Mashadi community center returns to village agenda, sparks debate
A rendering of the proposed recreational center for the United Mashadi Jewish Community of America sits in front of the Village of Great Neck Board of Trustees. (Photo by Janelle Clausen)

Representatives of the United Mashadi Jewish Community of America presented revised site plans for a recreational center in the Village of Great Neck on Tuesday night, reducing  its size but still sparking concerns among some residents.

Village of Great Neck trustees approved a parking waiver for 123 spaces, contingent upon completion of a shuttle bus agreement, determined it would have “no adverse environmental impact” under state environmental quality review and approved the site plan.

The community center planned for 189-195 Steamboat Road would be considered a religious – and exclusive – use for the United Mashadi Jewish Community of America, home to basketball courts, a pool, meeting rooms, an auditorium and other features.

It was scaled back from four floors to three stories, trimming the facility down several thousand square feet to feature 74,427 square feet of usable space, following a recommendation from the Nassau County Planning Commission in December that the plan be rejected.

Joe Yaccobellis, a representative from the architectural firm Mojo Stumer, and Paul Bloom, an attorney for the applicant, said the building is 116 feet from the road with considerable setback. Sophisticated drainage systems and extra greenery will also be present.

It also appears smaller due to the incline, they said, with four nearby houses starting at a considerably higher elevation.

“We want it to look as small as possible, not as big as possible,” Yaccobellis said.

Residents, however, raised questions and concerns about occupancy, traffic and safety, as well as whether there was adequate notice about the meeting and easy access to information about the proposed development.

Two residents, including Jean Pierce, raised safety concerns about possible traffic “chaos,” despite the findings of a submitted traffic study, citing a busy summer period.

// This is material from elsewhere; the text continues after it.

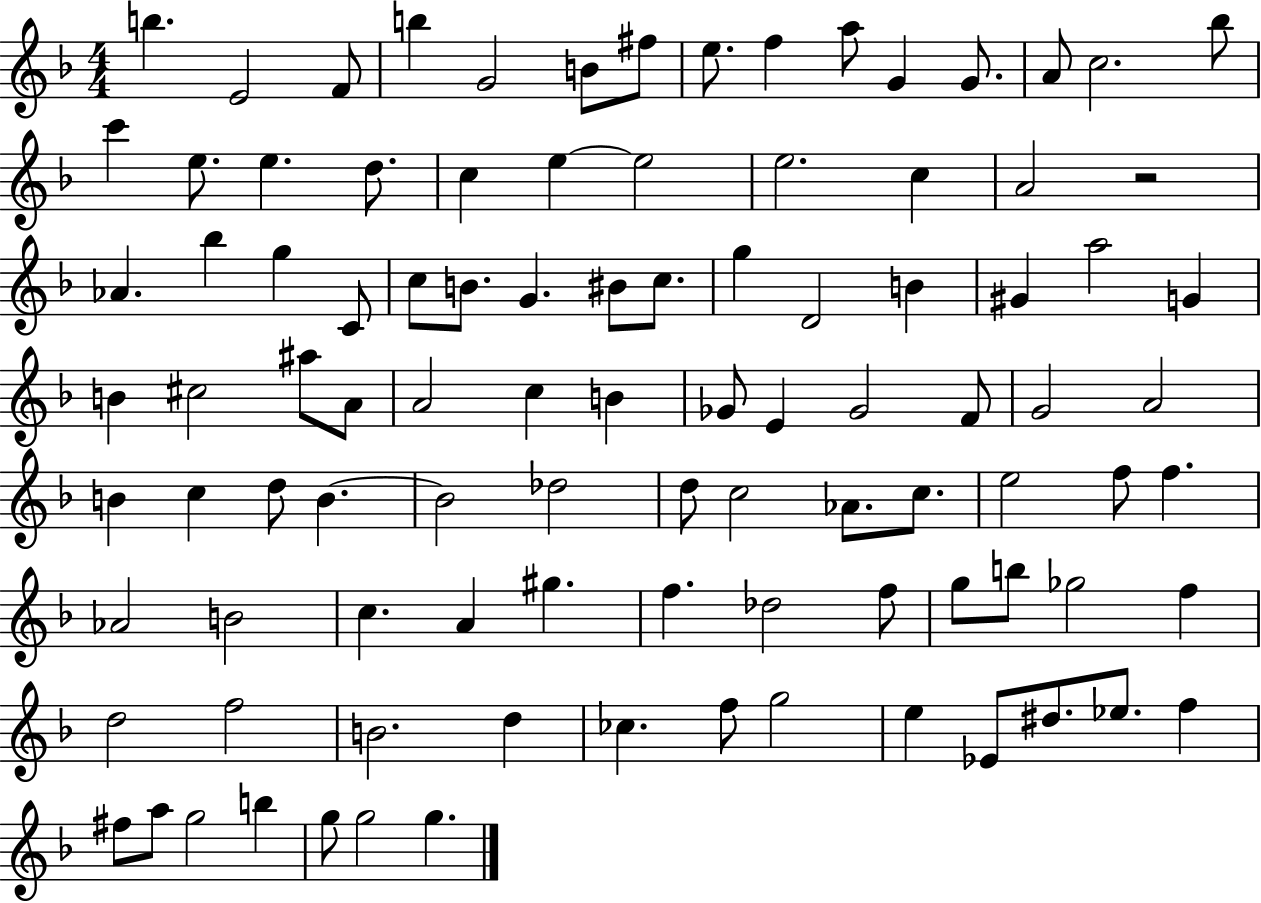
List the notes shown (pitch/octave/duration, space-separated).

B5/q. E4/h F4/e B5/q G4/h B4/e F#5/e E5/e. F5/q A5/e G4/q G4/e. A4/e C5/h. Bb5/e C6/q E5/e. E5/q. D5/e. C5/q E5/q E5/h E5/h. C5/q A4/h R/h Ab4/q. Bb5/q G5/q C4/e C5/e B4/e. G4/q. BIS4/e C5/e. G5/q D4/h B4/q G#4/q A5/h G4/q B4/q C#5/h A#5/e A4/e A4/h C5/q B4/q Gb4/e E4/q Gb4/h F4/e G4/h A4/h B4/q C5/q D5/e B4/q. B4/h Db5/h D5/e C5/h Ab4/e. C5/e. E5/h F5/e F5/q. Ab4/h B4/h C5/q. A4/q G#5/q. F5/q. Db5/h F5/e G5/e B5/e Gb5/h F5/q D5/h F5/h B4/h. D5/q CES5/q. F5/e G5/h E5/q Eb4/e D#5/e. Eb5/e. F5/q F#5/e A5/e G5/h B5/q G5/e G5/h G5/q.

Some residents like David Zielenziger said that the late posting of the agenda online – it came on sometime between 3 p.m. and 4 p.m., he noted – did not give fair notice to residents about the meeting.

“People had no idea this was going to be heard,” Zielenziger said.

Mayor Pedram Bral said that legally there was no requirement to have a public hearing on a development like this, there have been meetings about it in the past, and this is not the last trustees meeting on the subject.

The development for 189-195 Steamboat Road has not been on a Board of Trustees agenda since Oct. 23, 2018, according to agendas on the village website. It was also a subject of trustees meetings on Oct. 9, Sept. 4, and Aug. 21.

Rebecca Rosenblatt Gilliar, a civic activist, said the questions residents were asking were relevant to the matter at hand and that the applicant has a responsibility to come prepared to answer questions about the development.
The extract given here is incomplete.